Drugą połowę Moryto oglądał już z ławki. Swoją szansę wykorzystywali za to Sićko i Kaddah. Pierwszy pewnie wykonywał rzuty karne, drugi zaskakiwał rzutami z lewego rozegrania. Nie miało to jednak pozytywnego przełożenia na wynik, bo Barcelona sprawnie przejęła inicjatywę i ustawiła przebieg rywalizacji – między 36. a 43. minutą gospodarze odskoczyli ze stanu 16:15 na 21:16.
W 55. minucie przewaga Barcelony wzrosła nawet i do sześciu bramek (28:22), ale Kielce walczyły do końca. W ciągu 70 sekund bramki zdobyli Sićko Jorge Maqueda i Theo Monar, a po chwili kolejne trafienia dołożyli Kaddah i Benoit Kounkoud. Na 80 sekund przed końcem Industria przegrywała już tylko 27:29. Na odwrócenie losów spotkania zabrakło jej jednak czasu.
Liga Mistrzów, grupa B, 12. kolejka:
FC Barca – Industria Kielce 30:28 (14:13)

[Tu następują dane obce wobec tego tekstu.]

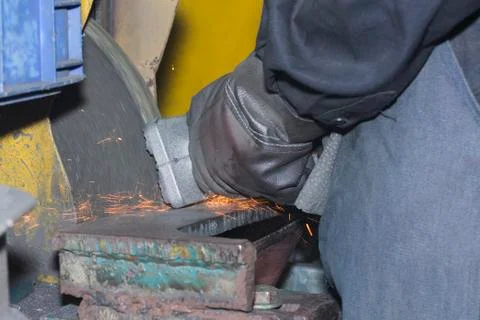 Casting Iron grinding process by grinding wheel ; finishing process before ma Stock Photos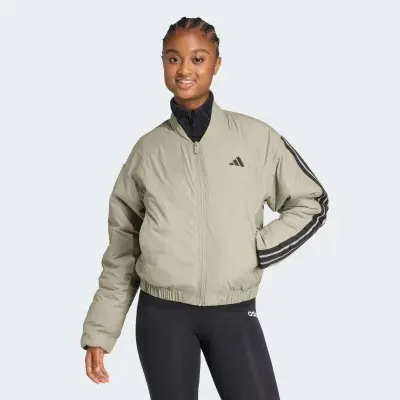 JAQUETA ADIDAS ACOLCHOADA ESSENTIALS 3 LISTRAS FEMININA - Verde/preto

Najwięcej goli: dla Barcelony – Timothey N'guessan 6, Aleix Gomez i Luis Frade – po 4, Dika Mem i Domen Makuc – po 3; dla Industrii – Jorge Maqueda 6, Szymon Sićko i Hassan Kaddah – po 4, Benoit Kounkoud, Theo Monar i Dylan Nahi – po 3
Po porażce w Barcelonie sytuacja Kielc w tabeli grupy B jest nie do pozazdroszczenia – na dwie serie przed końcem fazy grupowej wicemistrzowie Polski zajmują 7. miejsce, które nie daje awansu do fazy play-off. Do szóstego Kolstad tracą obecnie punkt, ale też tylko o punkt mniej od Industrii ma ostatni Zagrzeb. To właśnie z tą drużyną kielczanie zagrają w ostatniej kolejce. Wcześniej, bo już za tydzień, podejmą walczące o 2. miejsce Nantes.